Não conheço ninguém que tenha tratado essa questão melhor do que o ensaísta português Eduardo Lourenço em “A Nau de Ícaro”. No seu ensaio elucidativamente intitulado “Nós e o Brasil – ressentimento e delírio”, Lourenço admite que “O discurso português sobre o Brasil, tal como uma longa tradição retórica e historiográfica recita e reescreve sem cessar, é uma pura alucinação nossa, que o Brasil – pelo menos desde há um século – nem ouve nem entende” e que “A autonegação ou denegação que a cultura brasileira faz de si mesma, ocultando, menosprezando ou, com mais verdade hoje, ignorando o seu nódulo irredutível e indissolúvel português (que, mais do que língua, quer ser memória, cultura, rito e ritual) é tão absurda e delirante como a fixação possessiva, o amor imaginário, que devotamos a um Brasil não por ser o que ele é, e o merecer naquilo que ele é, mas por julgarmos que os brasileiros se viem como continuação, ampliação e metamorfose nossa”.

Logo reconhece o óbvio, não sem alguma dureza:

“Que relação pode existir entre o imaginário de um povo de 10 milhões de habitantes, como Portugal, prisioneiro de mitos obsoletos – o Brasil é um deles – e o de um país de 150 milhões de almas, entre as quais se contam pessoas vindas da Itália, Espanha, Alemanha, Europa Central, Oriente Médio, Rússia ou Japão?”

Também duramente ele admite que:

“Sem intuito de escandalizar, os portugueses devem saber, perceber e até compreender que nós não somos um problema para o Brasil. Ou só o somos, negativamente, quando em momento de profundo ressentimento de imaginários pais mal-amados ou ignorados, cedemos à tentação de nos enervar com a desatenção brasileira a nosso respeito”.

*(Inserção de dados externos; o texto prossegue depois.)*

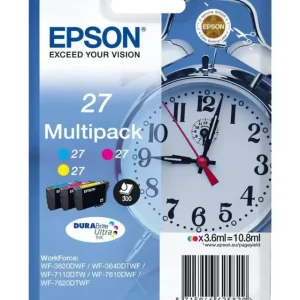 Economico Epson Alarm clock 27 DURABrite Ultra Multi-pack cartuccia d‘inchiostro 1 pz Originale Ciano, Magenta, Giallo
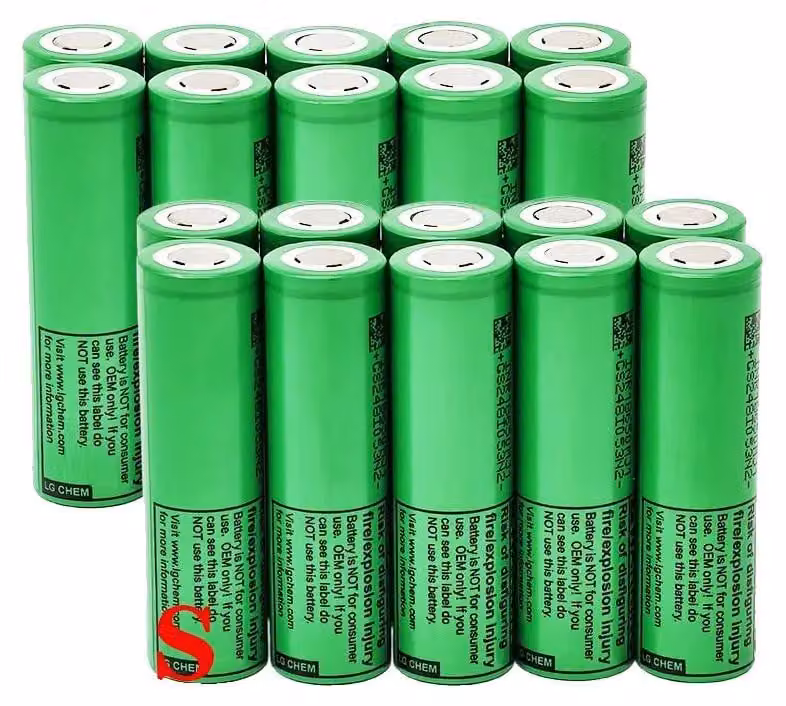 Batterie agli ioni di litio, capacità 3500mAh, elevata potenza di scarica, confezione da 20 pezzi (MJ1)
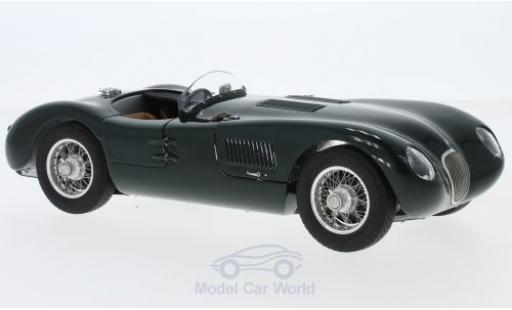 Jaguar C-Type 1/18 CMC verde RHD 1952 modellino in miniatura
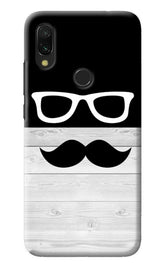 Mustache Redmi Y3 Back Cover
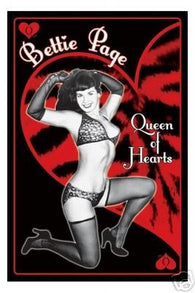 Bettie Page Poster - Queen of Hearts - Hot Sexy 24x36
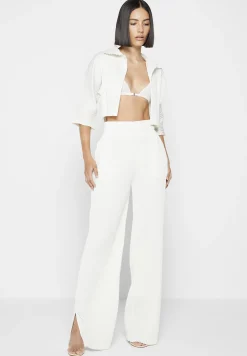 Pleated Cropped Shirt - Off White^Manière De Voir Best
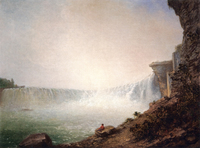 Niagara Falls from the Canadian Side, Table Rock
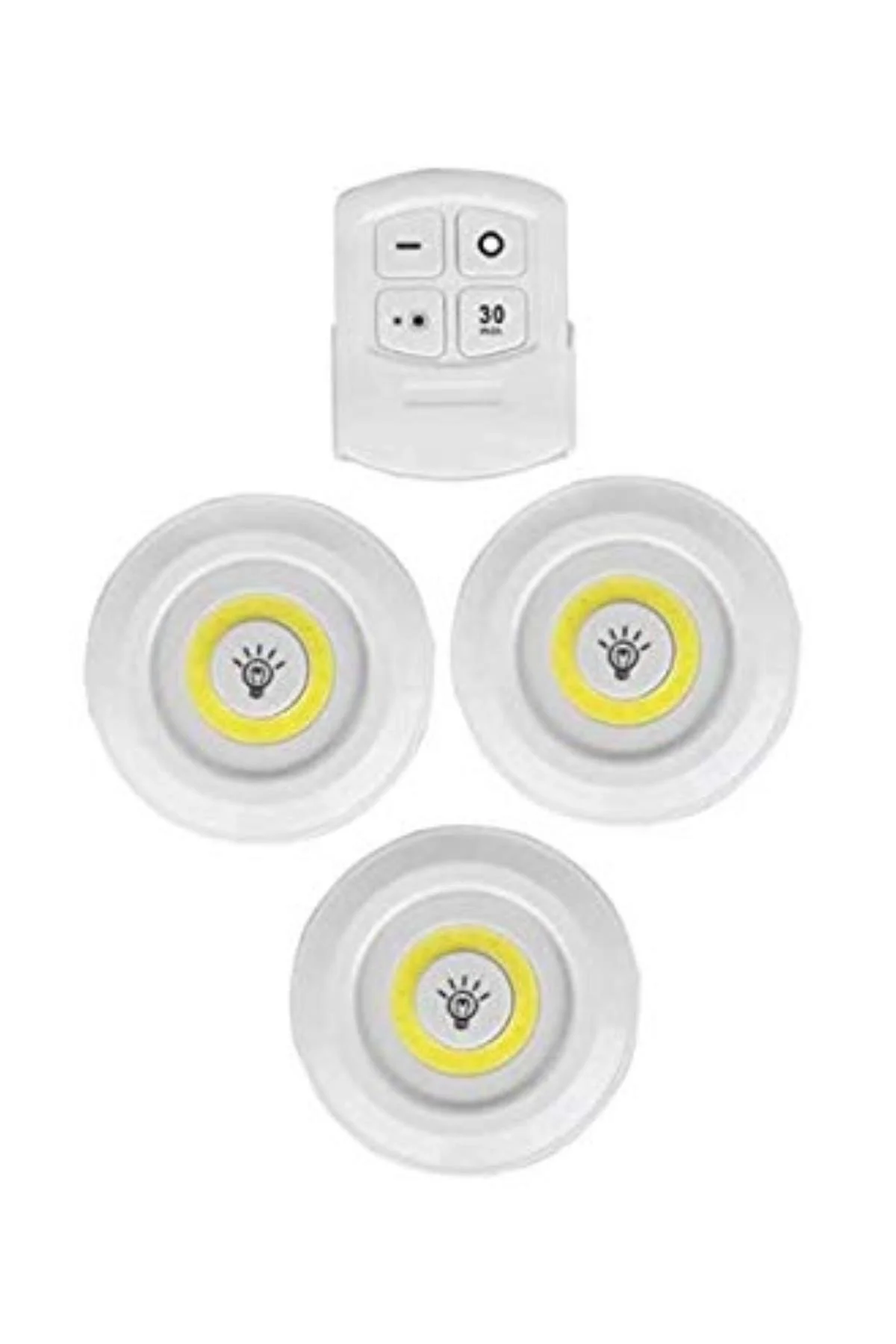 3lü Uzaktan Kumandalı Yapışkanlı Kablosuz Led Spot Lambalar Bx40 Fiyatı, Yorumları ve Özellikleri
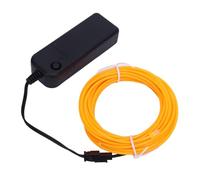 EL Wire Orange 16.4ft 5m Flexible 4 Modes 360° Cuttable EL Cable for Party Festival Bar
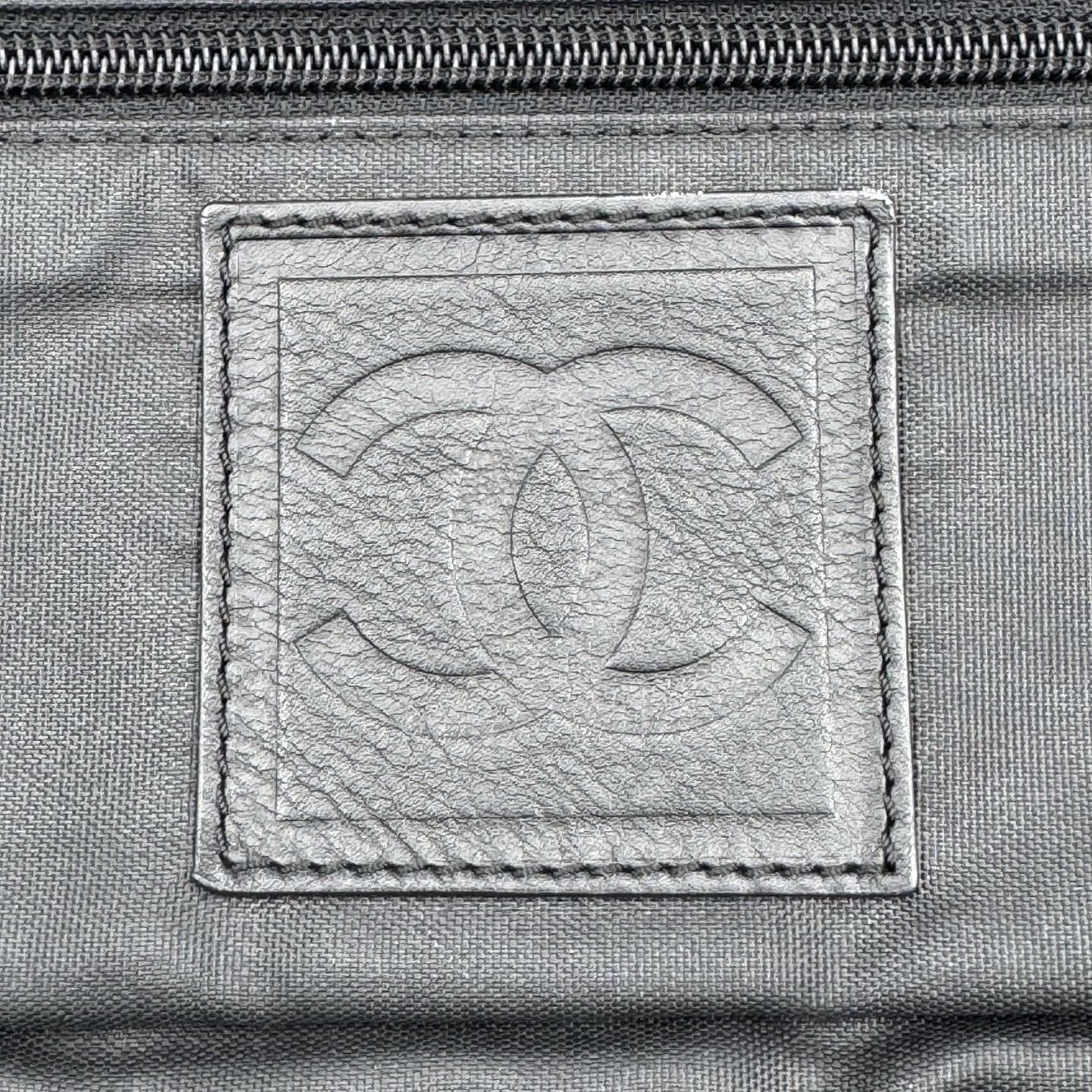 Chanel Nylon Sport Square Logo Crossbody Bag Black/Silver Hardware [Used]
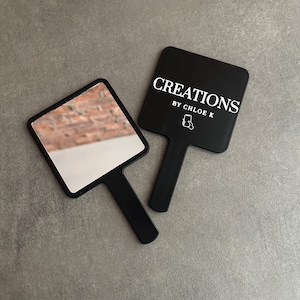 YOUR LOGO - Business Logo Personalised Custom Merch - Handheld Mirror - Accessories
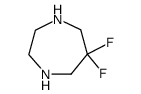 6,6-Difluorohexahydro-1H-1,4-diazepine structure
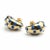 18k Yellow Gold Blue Polka Dot Enamel Teardrop Earrings 0.92 Inch Long, A Pair For Sale - Image 11 of 11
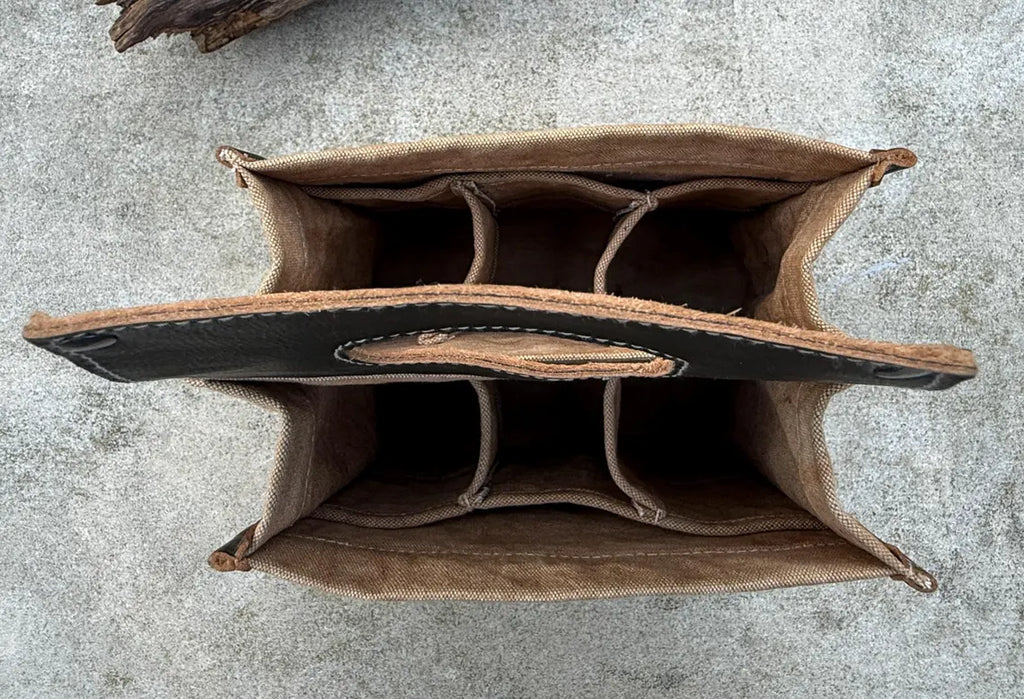 Repurposed Military Canvas Beer Caddy: Rustic Beer Lover Gift - DharmaObjects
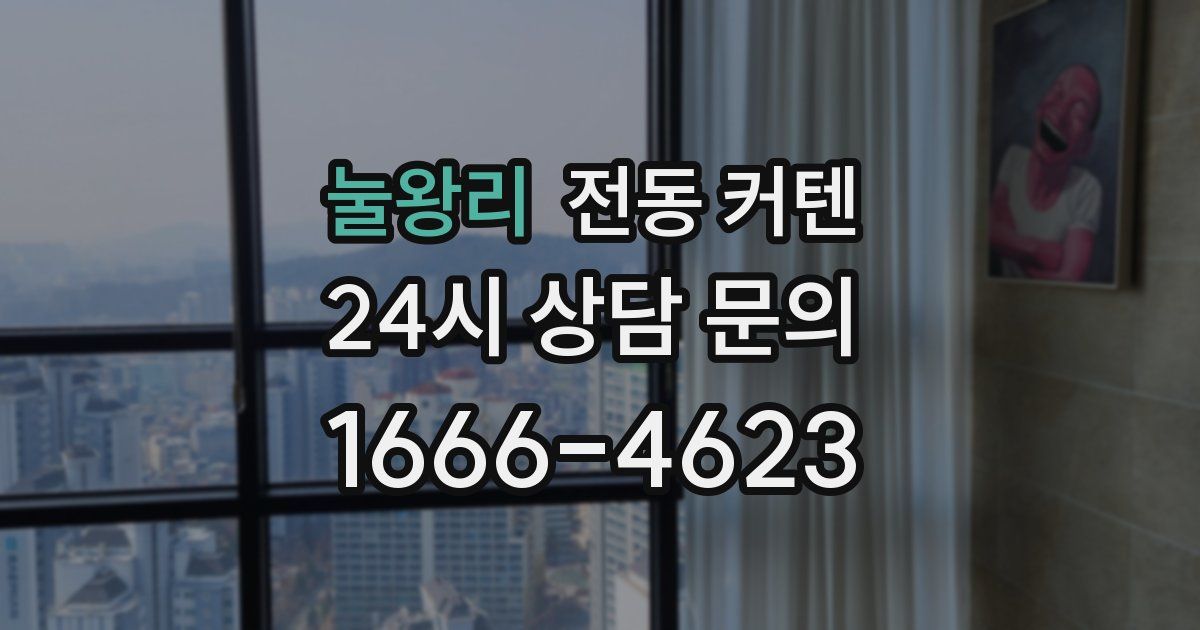 눌왕리 전동 커텐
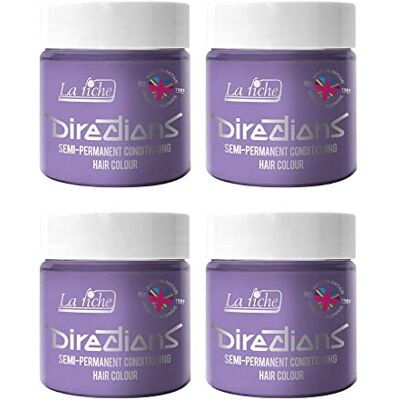 La Riche Directions Haarverf, semi-permanent, lila, 100 ml, 4 stuks La Riche Directions Haarverf, semi-permanent, lila, 100 ml, 4 stuks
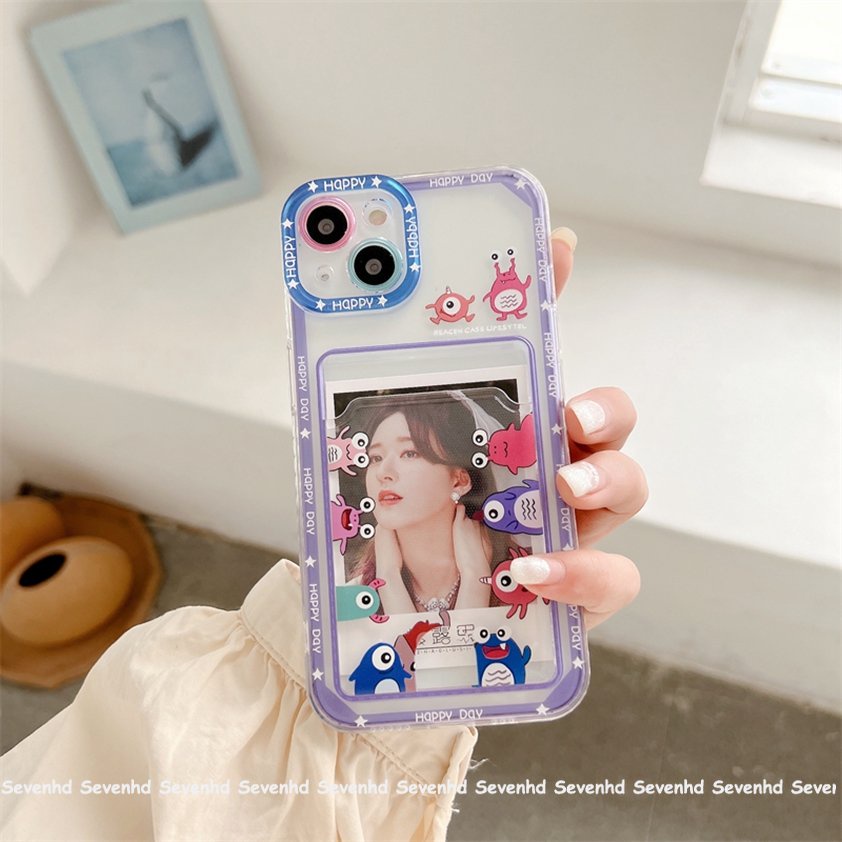 Ốp Điện Thoại Dẻo Trong Suốt Họa Tiết Hoạt Hình One-Eye Cho iPhone 14 13 12 11 Pro Max X XR Xs Max 8 7 6 6s Plus SE 2020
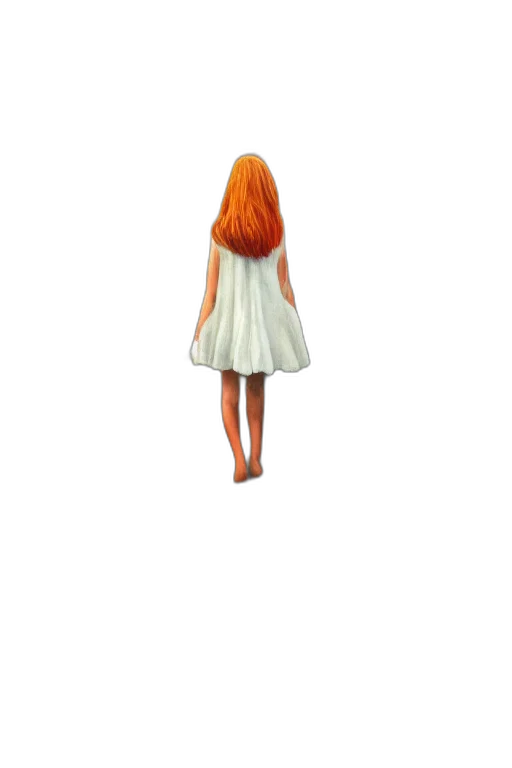 dress, hair, creature, robot transparent PNG cut-out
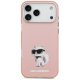 Karl Lagerfeld IML Aquarelle Choupette MagSafe Case for iPhone 17 Pro Max, Pink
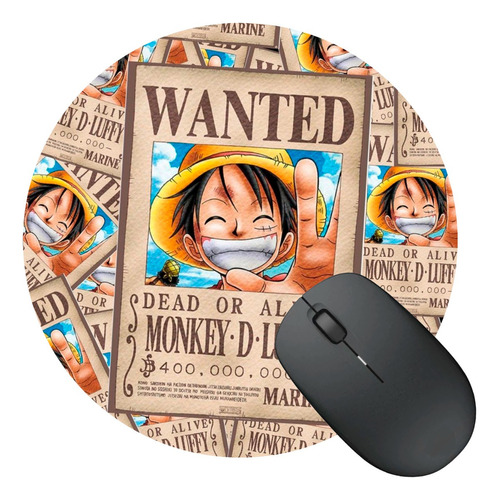 Mousepad Redondo Nuevo Alfombrilla One Piece Cartel Luffy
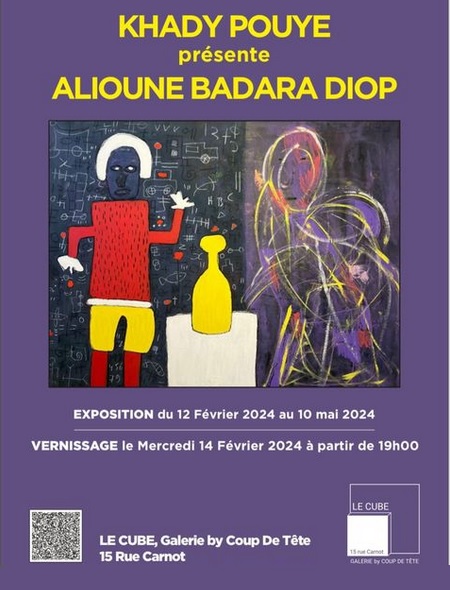 Khady Pouye présente Alioune Badara Diop Exhibition Poster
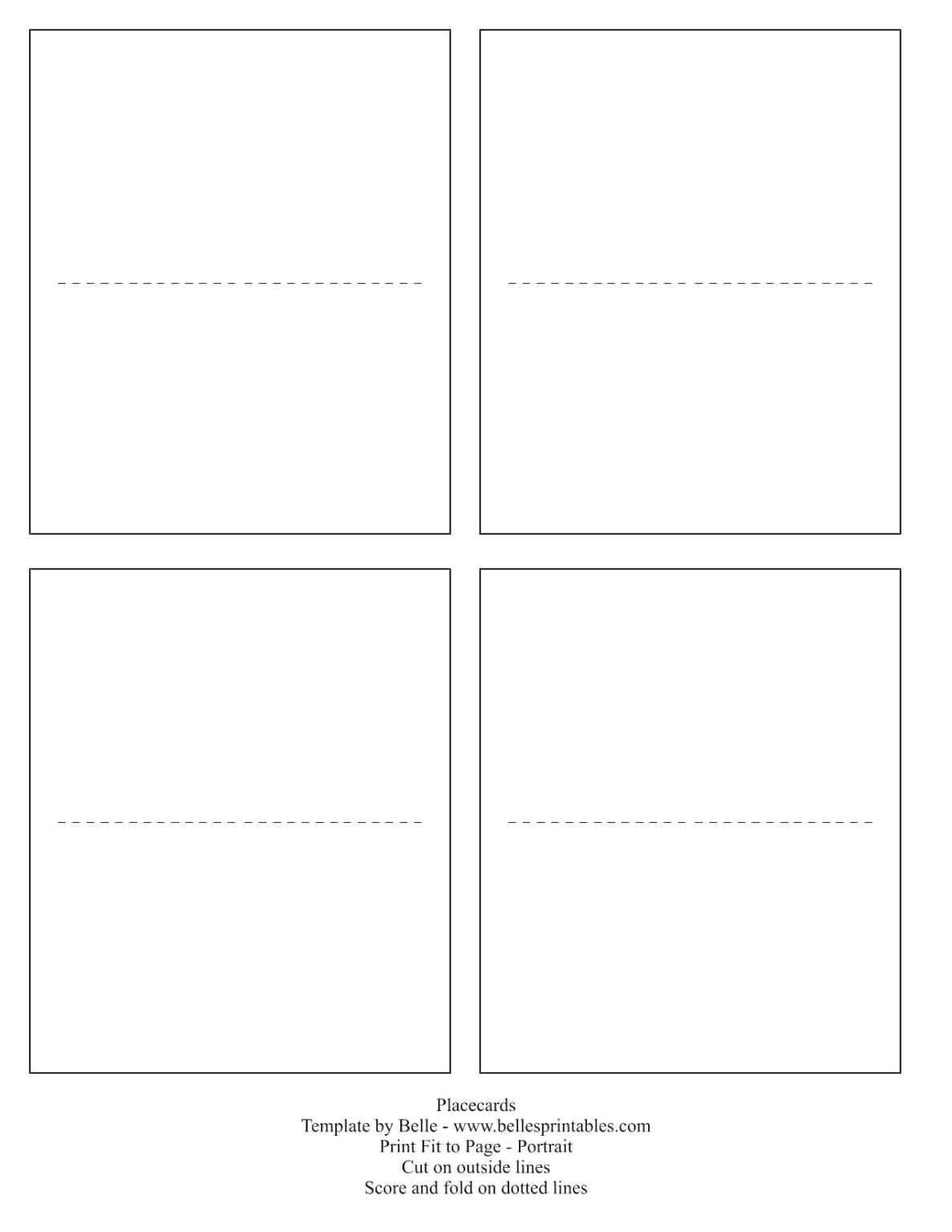 Playing Card Template Word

Mais dura ainda é esta passagem:

“Os brasileiros nunca nos perdoarão o não terem tido um pai para matar, ou um pai digno de ser morto, como aconteceu com os colonos da Virginia para com a Inglaterra , com os indios do padre Hidalgo, ou com os soldados de San Martin e de Bolivar para com a Espanha (….) A infelicidade dos portugueses reside no fato de não poderem esquecer esse momento em que, tendo abandonado o porto de origem, se tornaram por força das circunstâncias, pequenos demais para os seu sonhos”.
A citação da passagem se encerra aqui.